Please copy all of the entries exactly, but drop every picture.

++++ Data to process

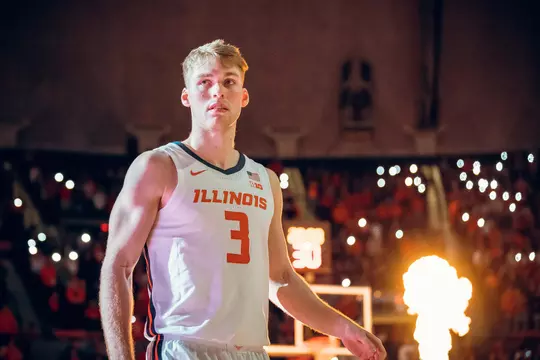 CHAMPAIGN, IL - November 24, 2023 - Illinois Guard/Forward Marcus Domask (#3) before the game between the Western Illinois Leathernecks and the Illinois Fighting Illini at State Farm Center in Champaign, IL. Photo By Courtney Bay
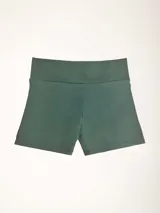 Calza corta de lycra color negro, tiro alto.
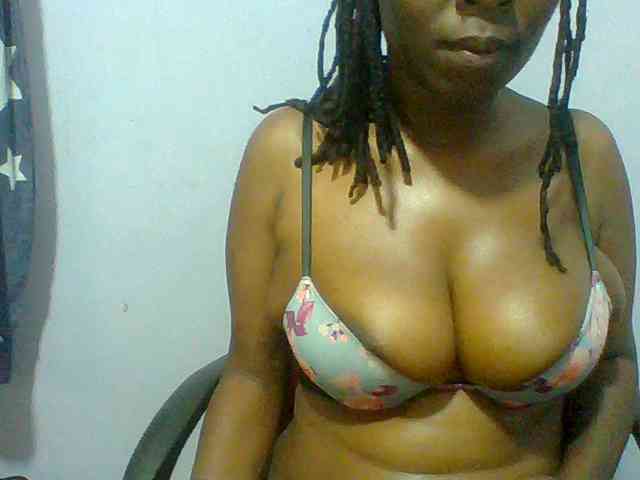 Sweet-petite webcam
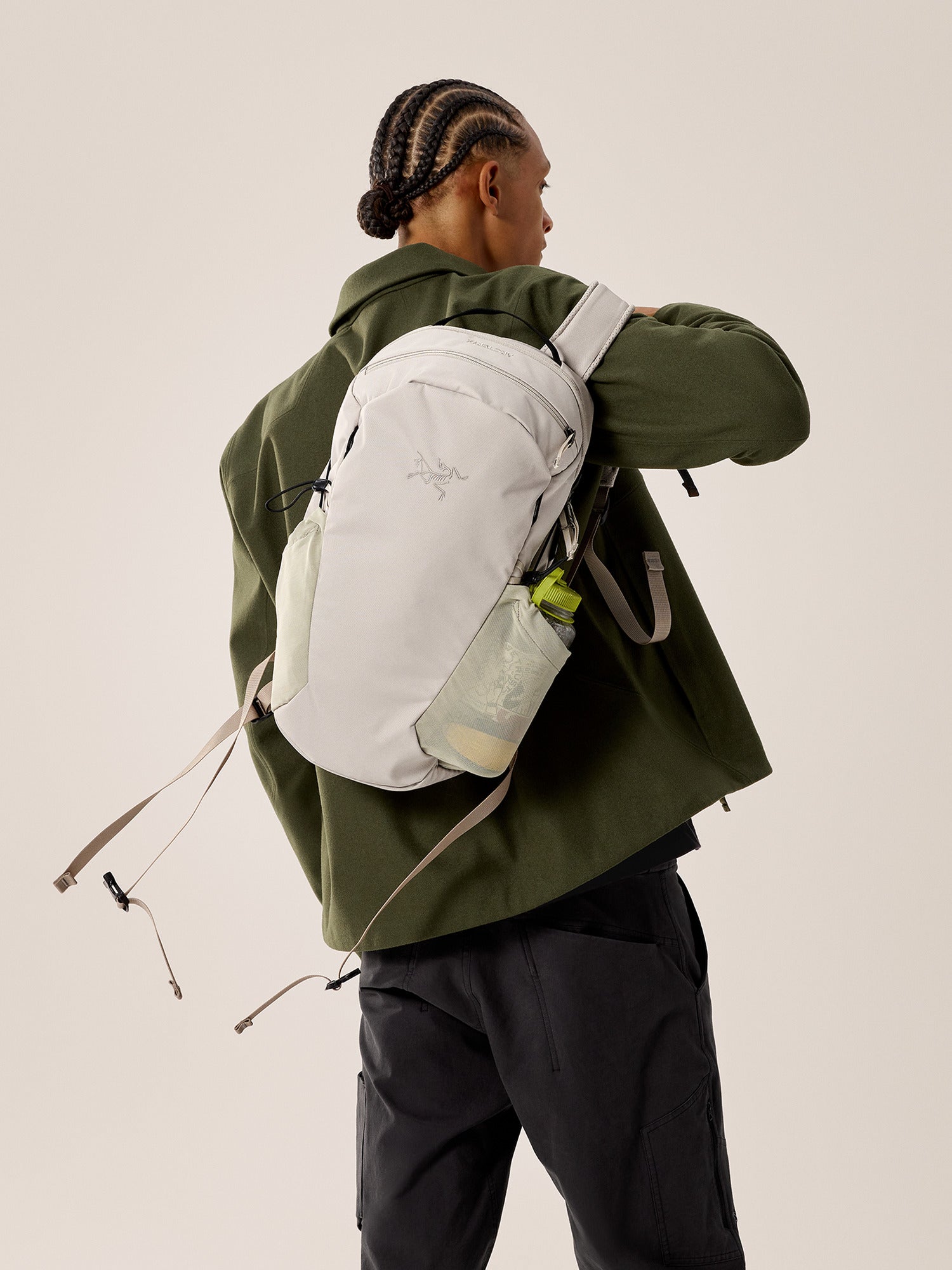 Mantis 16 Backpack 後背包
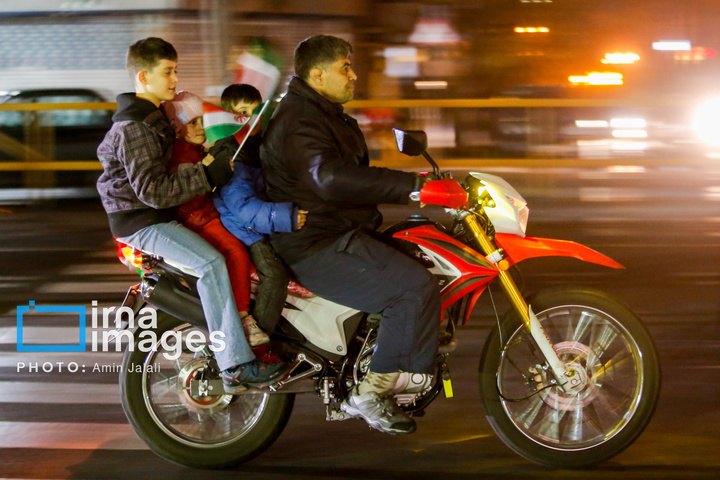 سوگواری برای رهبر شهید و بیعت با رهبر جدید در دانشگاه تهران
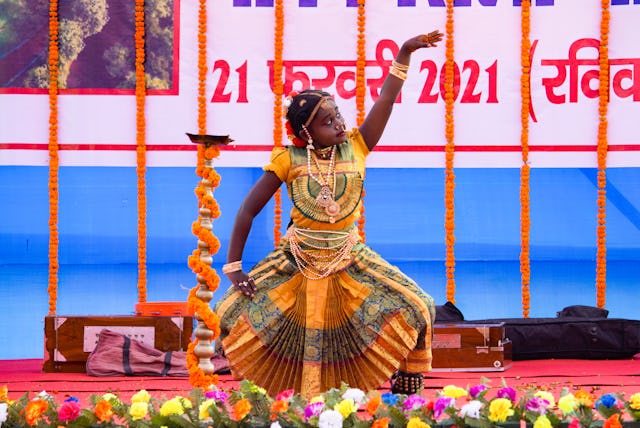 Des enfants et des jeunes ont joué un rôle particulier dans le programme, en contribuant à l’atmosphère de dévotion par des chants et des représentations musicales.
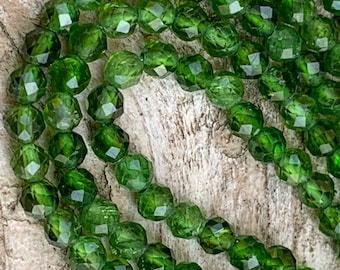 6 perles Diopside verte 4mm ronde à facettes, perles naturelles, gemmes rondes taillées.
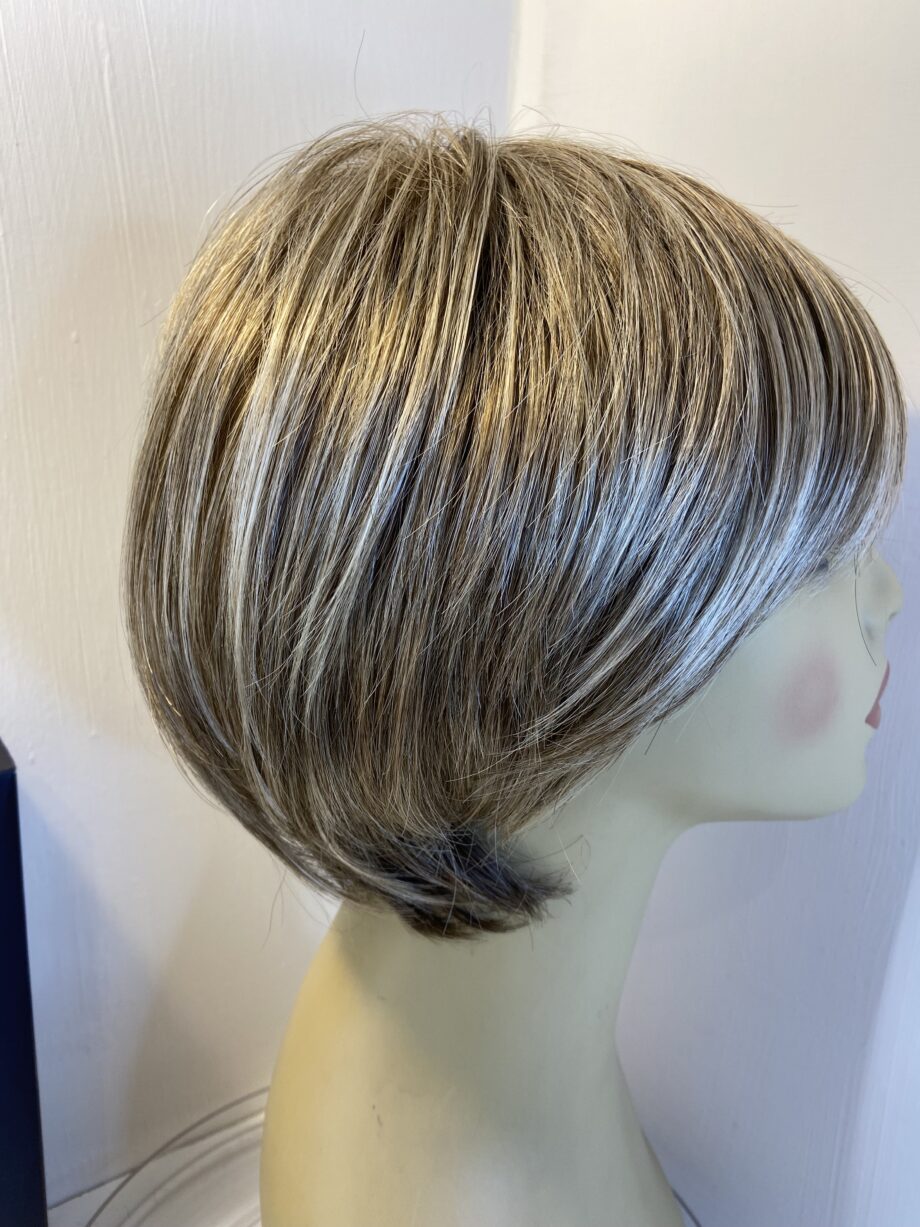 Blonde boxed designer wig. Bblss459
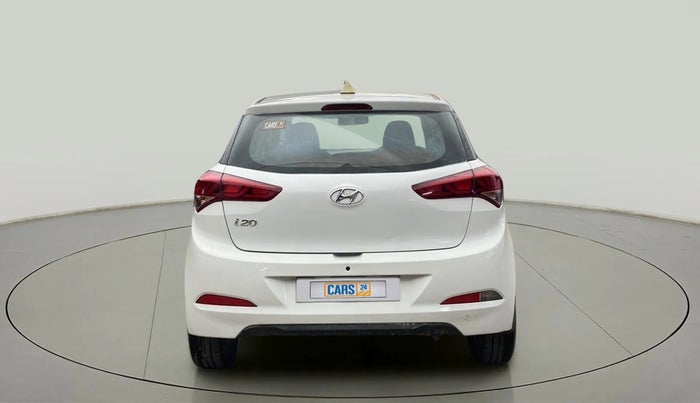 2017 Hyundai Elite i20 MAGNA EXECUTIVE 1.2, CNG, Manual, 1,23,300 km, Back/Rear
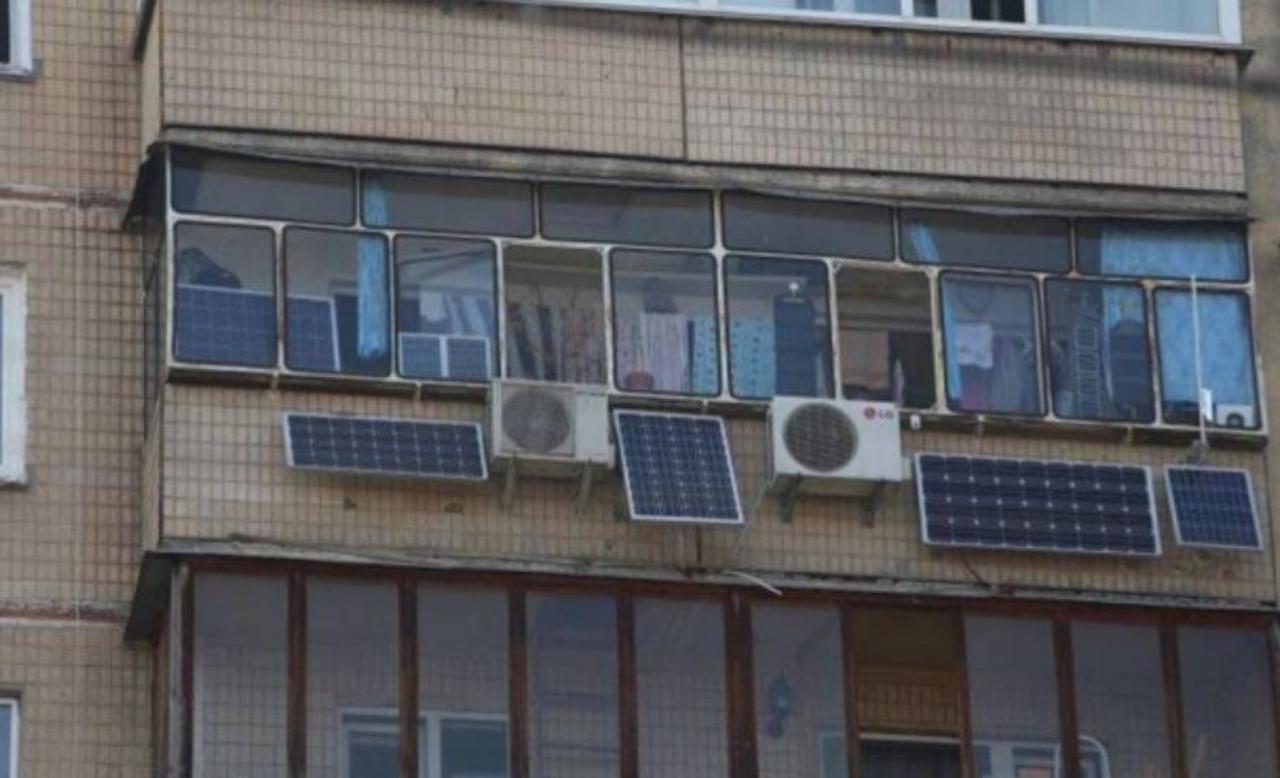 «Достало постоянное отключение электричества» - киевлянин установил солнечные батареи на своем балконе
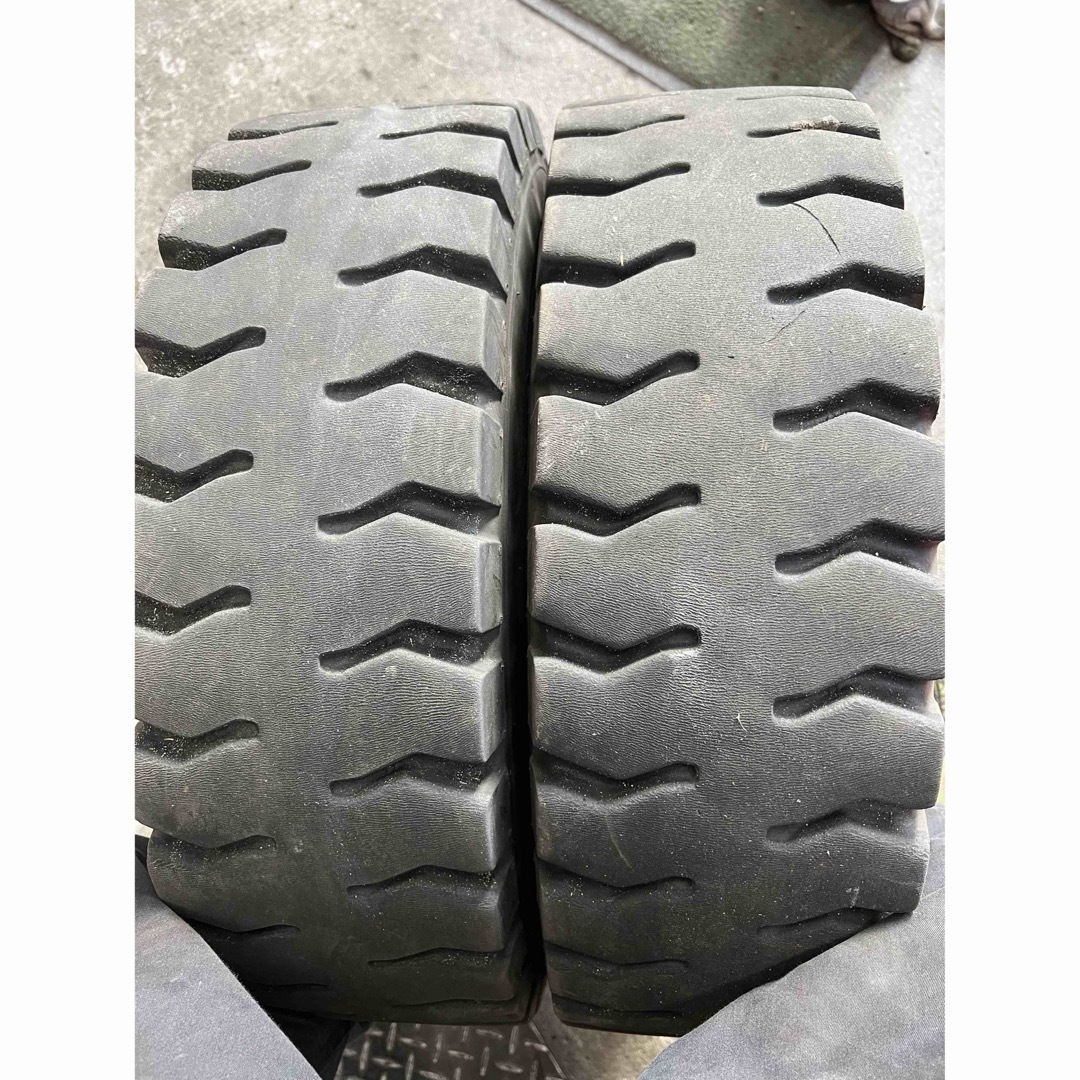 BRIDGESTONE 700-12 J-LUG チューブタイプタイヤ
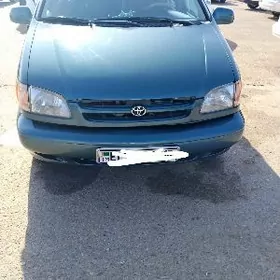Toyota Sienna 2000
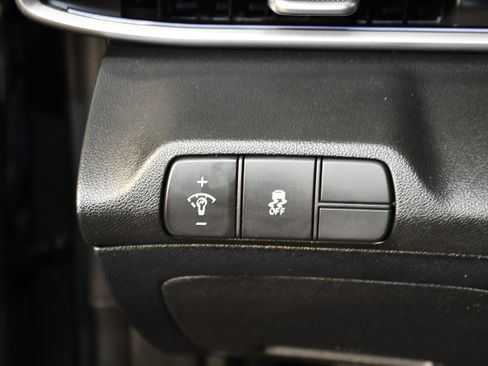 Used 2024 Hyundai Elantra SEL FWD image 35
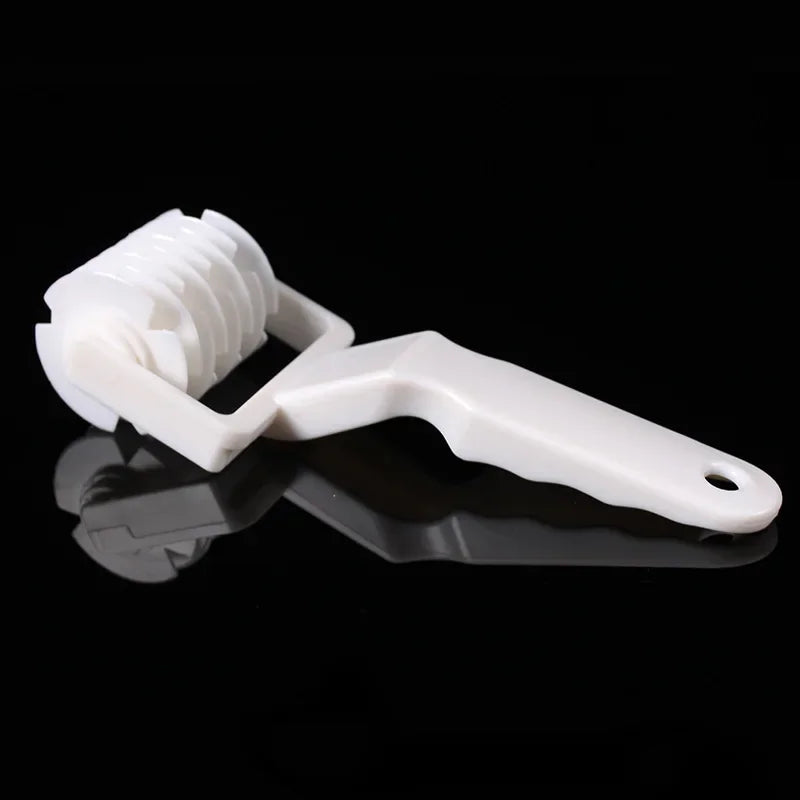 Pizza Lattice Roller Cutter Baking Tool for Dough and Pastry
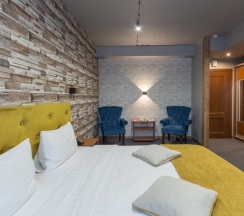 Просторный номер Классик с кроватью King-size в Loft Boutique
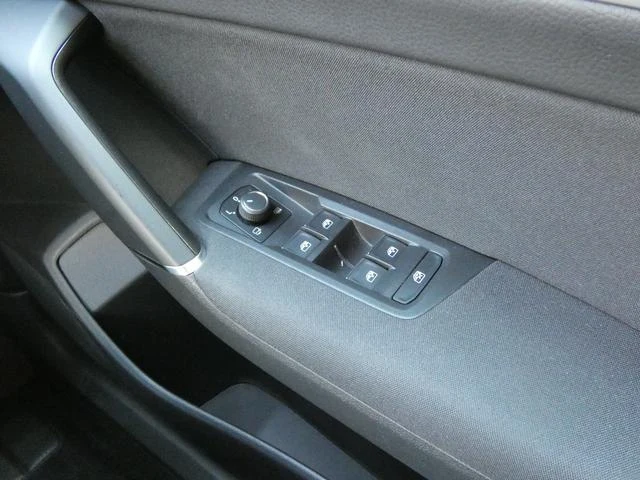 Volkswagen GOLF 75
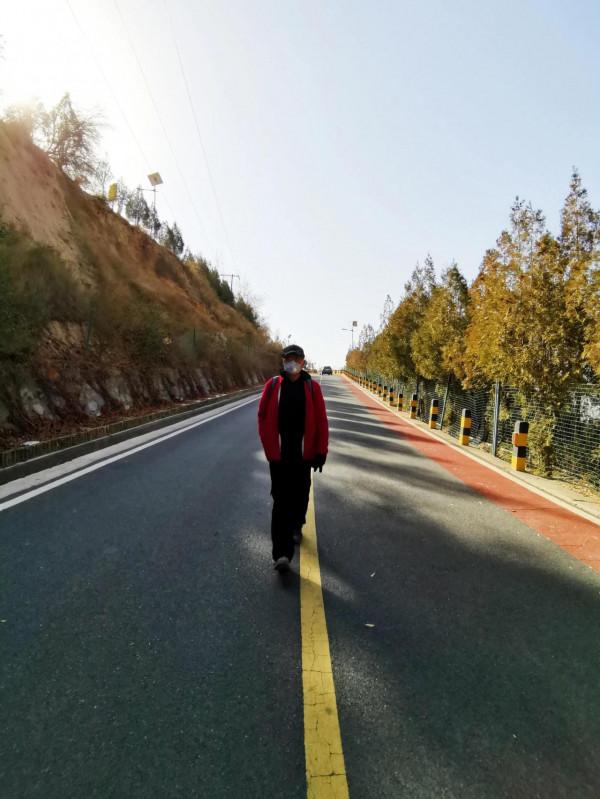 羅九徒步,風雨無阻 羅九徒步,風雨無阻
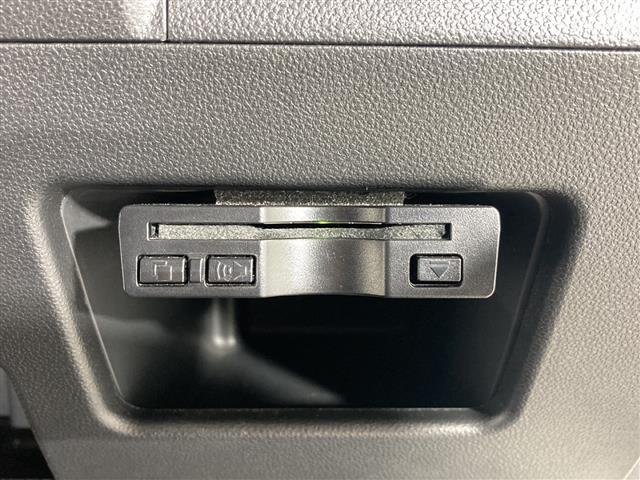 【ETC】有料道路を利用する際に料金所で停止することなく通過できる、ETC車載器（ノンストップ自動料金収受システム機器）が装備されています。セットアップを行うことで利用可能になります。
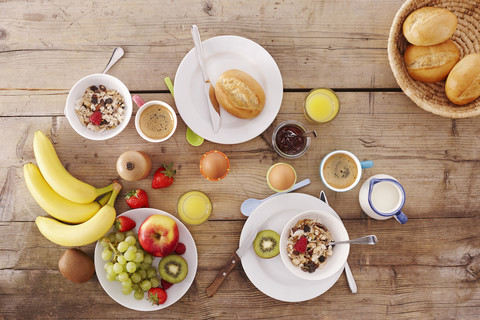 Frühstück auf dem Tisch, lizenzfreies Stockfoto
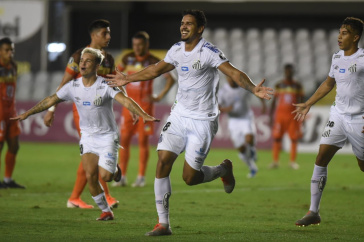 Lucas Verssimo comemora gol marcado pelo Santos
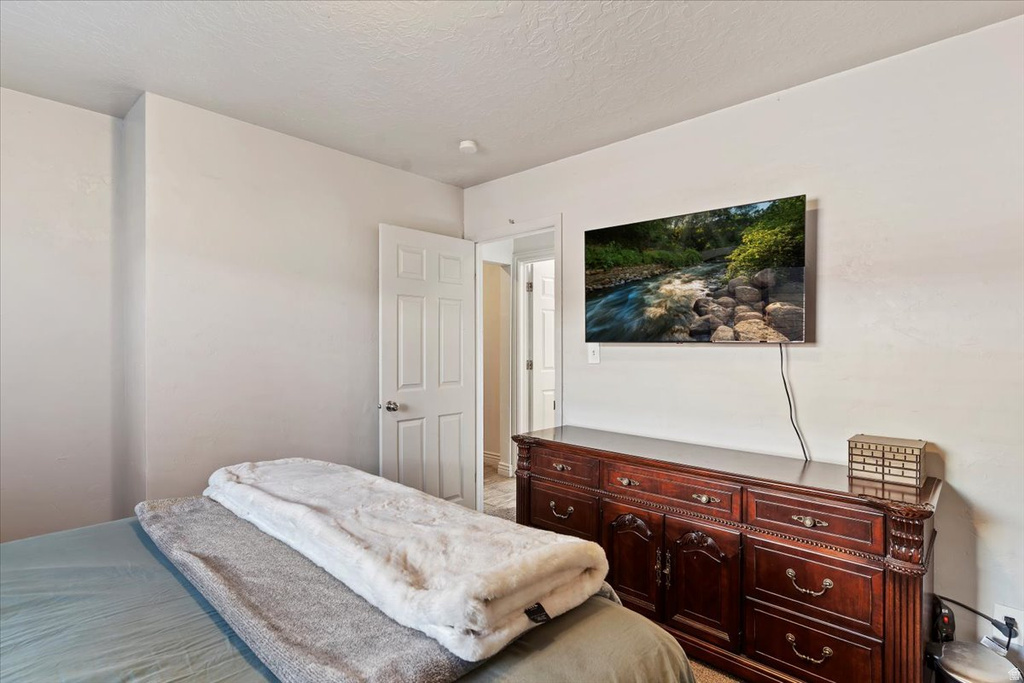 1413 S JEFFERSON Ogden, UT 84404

++++++++

Exercise output
 CHAMPAIGN, IL - November 24, 2023 - Illinois Guard/Forward Marcus Domask (#3) before the game between the Western Illinois Leathernecks and the Illinois Fighting Illini at State Farm Center in Champaign, IL. Photo By Courtney Bay
 Calza corta de lycra color negro, tiro alto.
 Sweet-petite webcam
 Mantis 16 Backpack 後背包
 سوگواری برای رهبر شهید و بیعت با رهبر جدید در دانشگاه تهران
 Des enfants et des jeunes ont joué un rôle particulier dans le programme, en contribuant à l’atmosphère de dévotion par des chants et des représentations musicales.
 6 perles Diopside verte 4mm ronde à facettes, perles naturelles, gemmes rondes taillées.
 Blonde boxed designer wig. Bblss459
 2017 Hyundai Elite i20 MAGNA EXECUTIVE 1.2, CNG, Manual, 1,23,300 km, Back/Rear
 «Достало постоянное отключение электричества» - киевлянин установил солнечные батареи на своем балконе
 BRIDGESTONE 700-12 J-LUG チューブタイプタイヤ
Toyota Sienna 2000
 Used 2024 Hyundai Elantra SEL FWD image 35
 Pizza Lattice Roller Cutter Baking Tool for Dough and Pastry
 Просторный номер Классик с кроватью King-size в Loft Boutique
 Volkswagen GOLF 75
 羅九徒步,風雨無阻 羅九徒步,風雨無阻
 【ETC】有料道路を利用する際に料金所で停止することなく通過できる、ETC車載器（ノンストップ自動料金収受システム機器）が装備されています。セットアップを行うことで利用可能になります。
 Frühstück auf dem Tisch, lizenzfreies Stockfoto
 Lucas Verssimo comemora gol marcado pelo Santos
 1413 S JEFFERSON Ogden, UT 84404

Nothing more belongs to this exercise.